• What is required
Set every record down again, identical to the original.

• Entries supplied
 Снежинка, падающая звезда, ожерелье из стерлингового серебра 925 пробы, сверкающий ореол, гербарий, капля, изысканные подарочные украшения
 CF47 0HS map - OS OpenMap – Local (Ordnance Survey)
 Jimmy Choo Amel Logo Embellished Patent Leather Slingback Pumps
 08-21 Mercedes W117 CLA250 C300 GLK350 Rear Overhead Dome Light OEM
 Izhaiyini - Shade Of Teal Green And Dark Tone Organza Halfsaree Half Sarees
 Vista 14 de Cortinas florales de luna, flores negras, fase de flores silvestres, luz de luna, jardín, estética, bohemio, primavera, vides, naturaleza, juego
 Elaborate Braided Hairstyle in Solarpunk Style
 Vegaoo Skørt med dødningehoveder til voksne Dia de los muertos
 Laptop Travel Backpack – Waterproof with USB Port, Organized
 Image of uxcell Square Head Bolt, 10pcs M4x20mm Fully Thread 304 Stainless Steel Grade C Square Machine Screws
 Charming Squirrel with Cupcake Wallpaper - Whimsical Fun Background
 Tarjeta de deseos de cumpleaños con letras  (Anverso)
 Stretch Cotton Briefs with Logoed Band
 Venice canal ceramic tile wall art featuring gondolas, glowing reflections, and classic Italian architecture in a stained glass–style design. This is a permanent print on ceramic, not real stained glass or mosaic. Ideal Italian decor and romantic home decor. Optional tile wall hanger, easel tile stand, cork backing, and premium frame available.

• Result below
 Снежинка, падающая звезда, ожерелье из стерлингового серебра 925 пробы, сверкающий ореол, гербарий, капля, изысканные подарочные украшения
 CF47 0HS map - OS OpenMap – Local (Ordnance Survey)
 Jimmy Choo Amel Logo Embellished Patent Leather Slingback Pumps
 08-21 Mercedes W117 CLA250 C300 GLK350 Rear Overhead Dome Light OEM
 Izhaiyini - Shade Of Teal Green And Dark Tone Organza Halfsaree Half Sarees
 Vista 14 de Cortinas florales de luna, flores negras, fase de flores silvestres, luz de luna, jardín, estética, bohemio, primavera, vides, naturaleza, juego
 Elaborate Braided Hairstyle in Solarpunk Style
 Vegaoo Skørt med dødningehoveder til voksne Dia de los muertos
 Laptop Travel Backpack – Waterproof with USB Port, Organized
 Image of uxcell Square Head Bolt, 10pcs M4x20mm Fully Thread 304 Stainless Steel Grade C Square Machine Screws
 Charming Squirrel with Cupcake Wallpaper - Whimsical Fun Background
 Tarjeta de deseos de cumpleaños con letras  (Anverso)
 Stretch Cotton Briefs with Logoed Band
 Venice canal ceramic tile wall art featuring gondolas, glowing reflections, and classic Italian architecture in a stained glass–style design. This is a permanent print on ceramic, not real stained glass or mosaic. Ideal Italian decor and romantic home decor. Optional tile wall hanger, easel tile stand, cork backing, and premium frame available.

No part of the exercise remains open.